__Dataset excerpt__
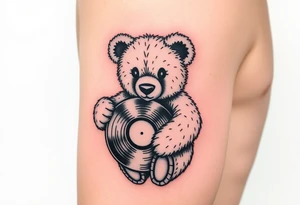 masculine teddy bear holding a vinyl record tattoo idea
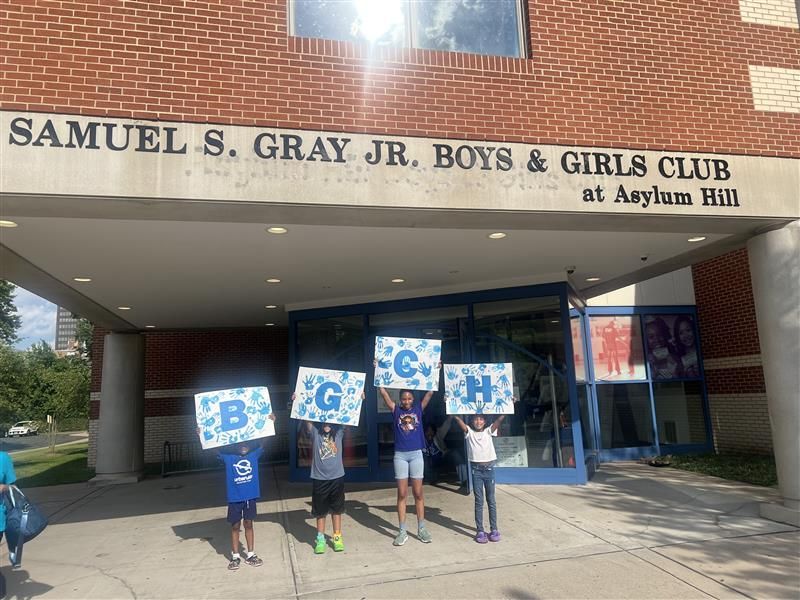 A group of children are holding signs in front of a building.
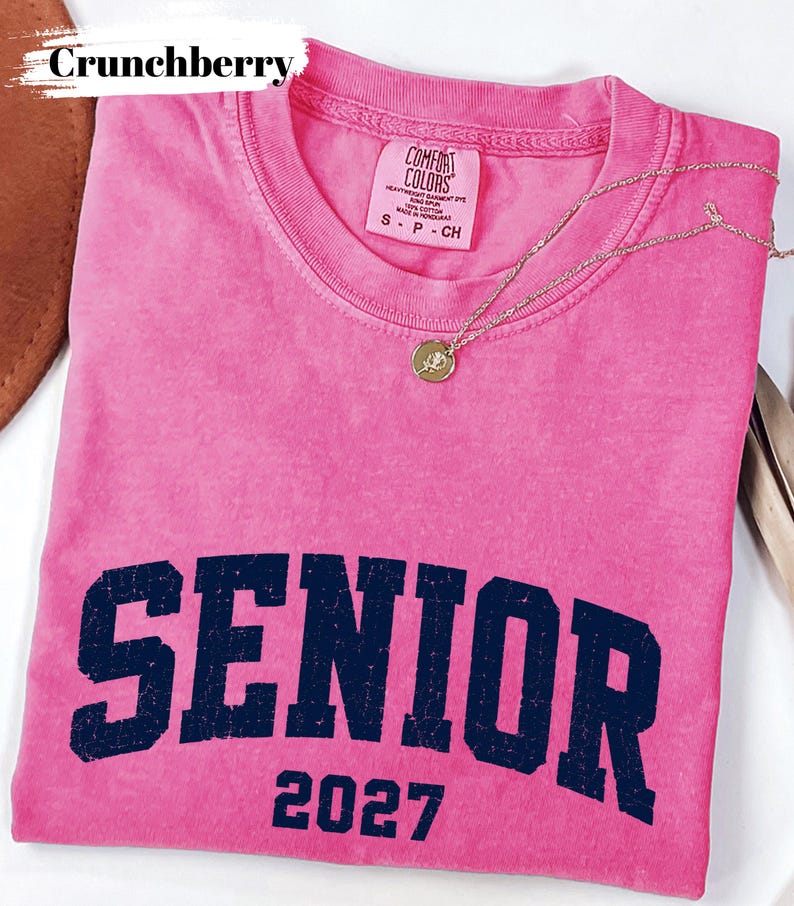 Pode incluir: Uma t-shirt de manga curta cor-de-rosa brilhante com um gr&aacute;fico azul-marinho desgastado que diz SENIOR 2027. A pe&ccedil;a apresenta uma etiqueta da marca Comfort Colors no decote interior e um pequeno colar com pendente circular dourado.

__About this exercise__
Give the listing again exactly, but omit each image.

__Task result__
 masculine teddy bear holding a vinyl record tattoo idea
 A group of children are holding signs in front of a building.
 Pode incluir: Uma t-shirt de manga curta cor-de-rosa brilhante com um gr&aacute;fico azul-marinho desgastado que diz SENIOR 2027. A pe&ccedil;a apresenta uma etiqueta da marca Comfort Colors no decote interior e um pequeno colar com pendente circular dourado.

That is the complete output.